Project

Climate change, food systems and security in the Sahel: Implications for conflict and cooperation on a micro-scale

Climate change and conflict are contemporarily two of the most critical threats to humanity and are gradually addressed jointly by policy makers and in academic circles. Recently, co-occurrences between adverse climate change impacts and violent conflicts have been observed particularly across countries in the Sahel, posing a dual threat to small-holder farmers’ livelihoods. Most small-holders in the region are reliant on rain-fed agriculture, which is especially sensitive to changing rainfall patterns resulting from climate change. Extreme variations in the climate can create economic and food availability shocks, which are particularly damaging to vulnerable small-holder livelihoods.

However, for livelihood shocks to trigger conflicts, root drivers of conflict (i.e. poverty, social inequality, political marginalization, ethnic polarization) have to be present. On a micro-level, both individual-level and group-level decision-making influence responses to shocks. How and under what conditions responses can bring social systems out of balance and enhance conflict or contrastingly foster cooperation is still poorly understood. On the one hand, for marginalized and less resilient households participating in conflict in response to shocks can be an economically better livelihood opportunity, but on the other hand, time of hardship can foster cooperation through strong social capital in the community. In addition, other group dynamics can influence rational economic decision making of the individual.

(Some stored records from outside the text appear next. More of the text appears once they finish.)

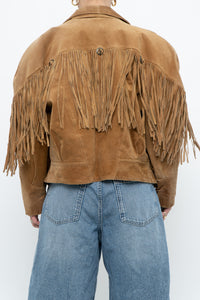 Vintage x Tan Suede Concho Fringe Jacket (M, L)
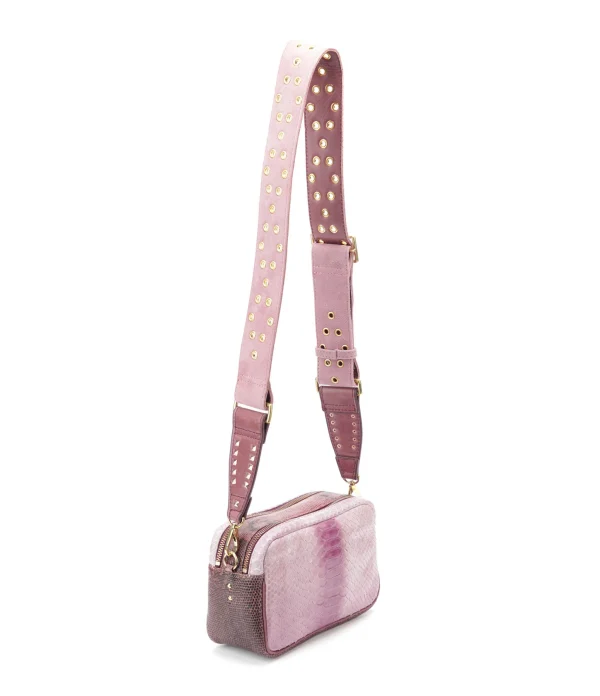 CLARIS VIROT Sac Lily Python Bordeaux Délavé 3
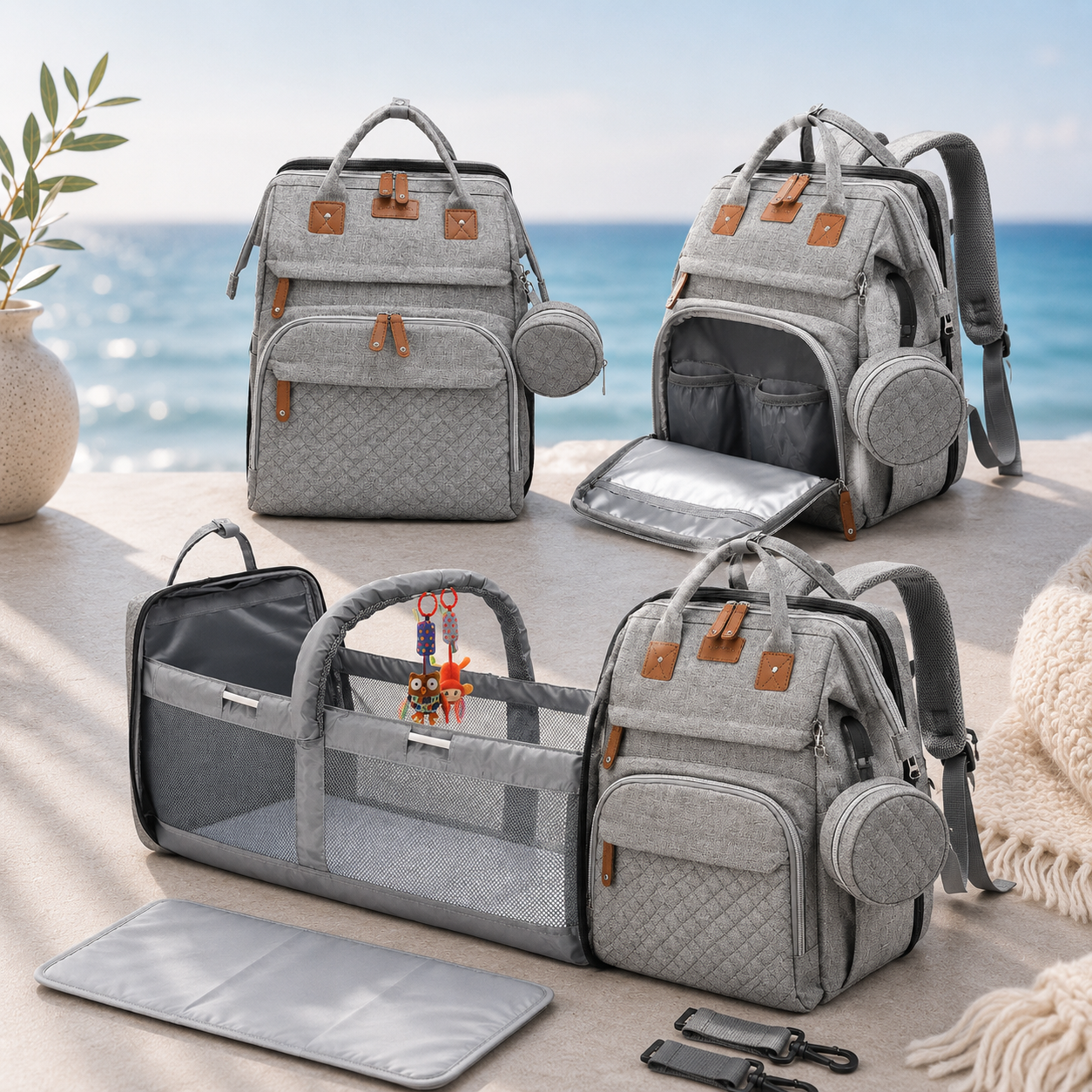OCEANBABY Wickelrucksack – Geräumig mit Kinderwagen-Haken & Fächern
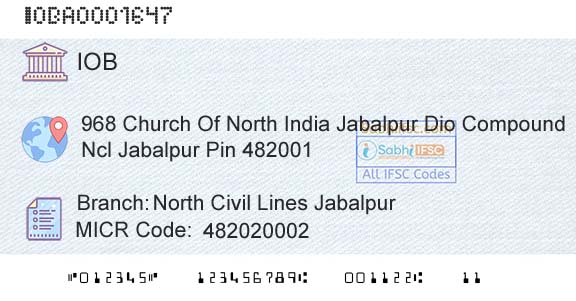 Indian Overseas Bank North Civil Lines JabalpurBranch 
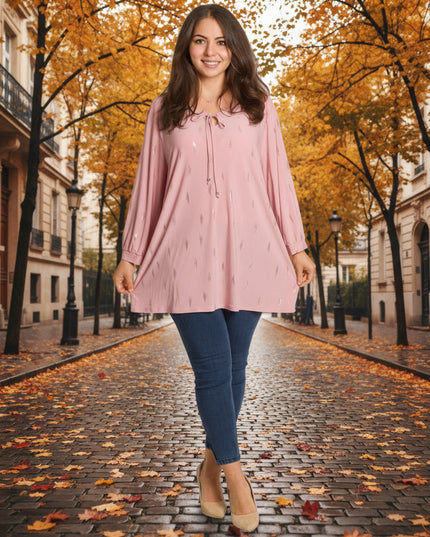 Розова туника в големи размери с връзки и блестящи акценти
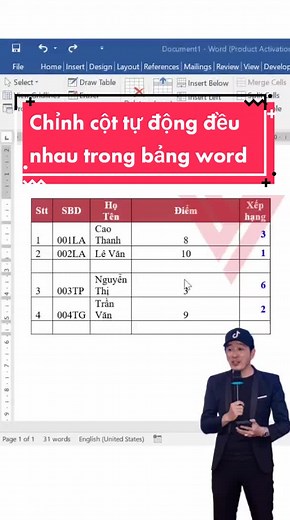 Chỉnh cột tự động đều nhau trong bảng Word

Particularly, group identities are crucial for studying widely increasing conflicts among farmers and herders in the Sahel, where underlying ethnic tension, along the farmer-herder divide, could be one of those drivers exacerbating the reactions to climate shocks.

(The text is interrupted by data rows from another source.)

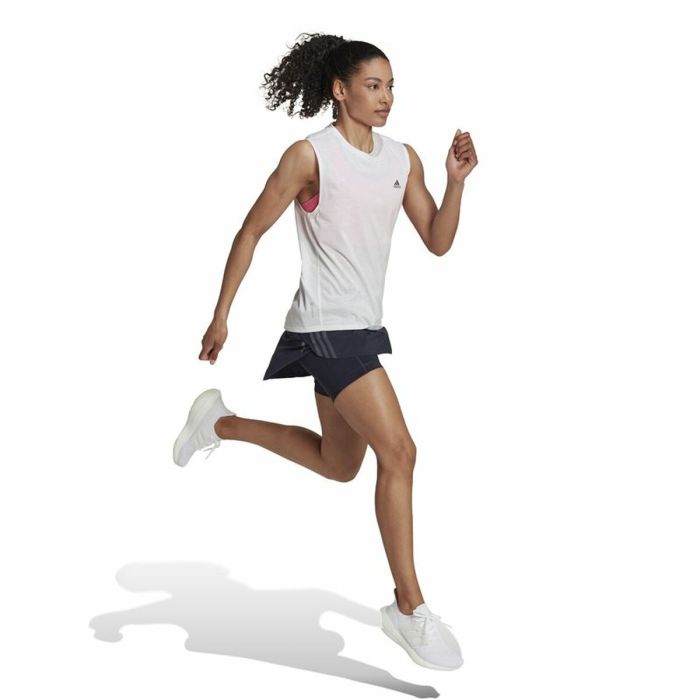 Camiseta para Mujer sin Mangas Adidas Muscle Run Icons Blanco 3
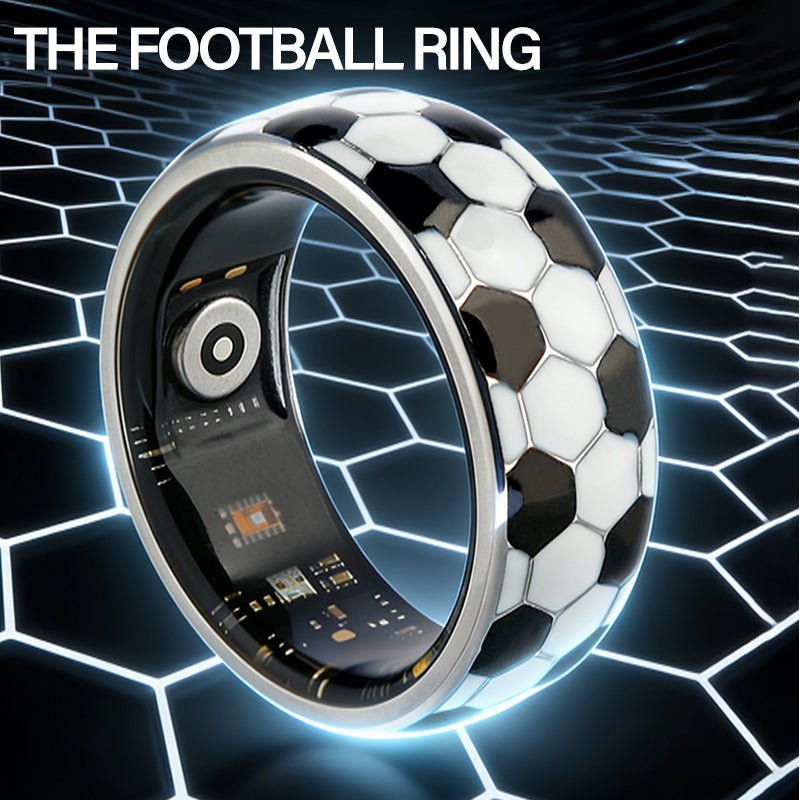 Football smart ring on a glowing blue hexagonal grid with visible inner circuitry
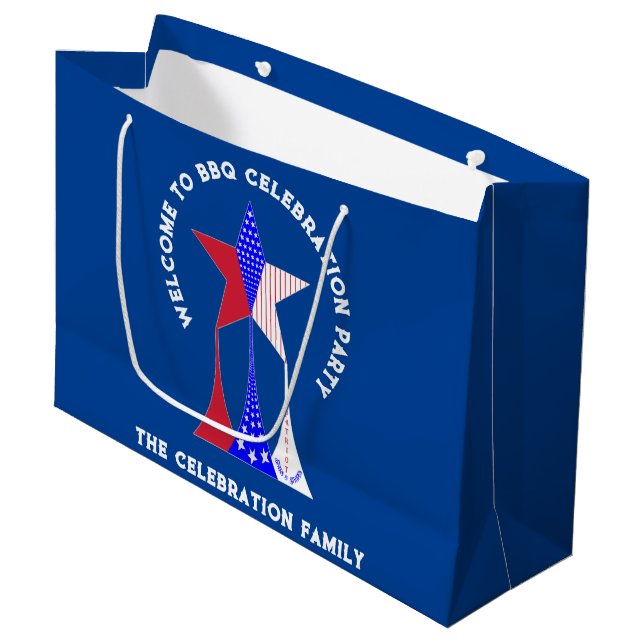 Stars and Stripes Patriot Large Gift Bag (Front Angled)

To shed light on the diversity of micro-level outcomes in the climate security arena, this research project draws comparisons across various case studies and:

(I) develops a framework outlining mechanisms leading to conflict and cooperation among farmers and herders,

(II) conducts field experiments on the effects of individual and collective shocks on cooperation of farmers and herders and studies the role of group identity,

(III) explores heterogeneous effects of climate and food price shocks on conflicts among different livelihood group.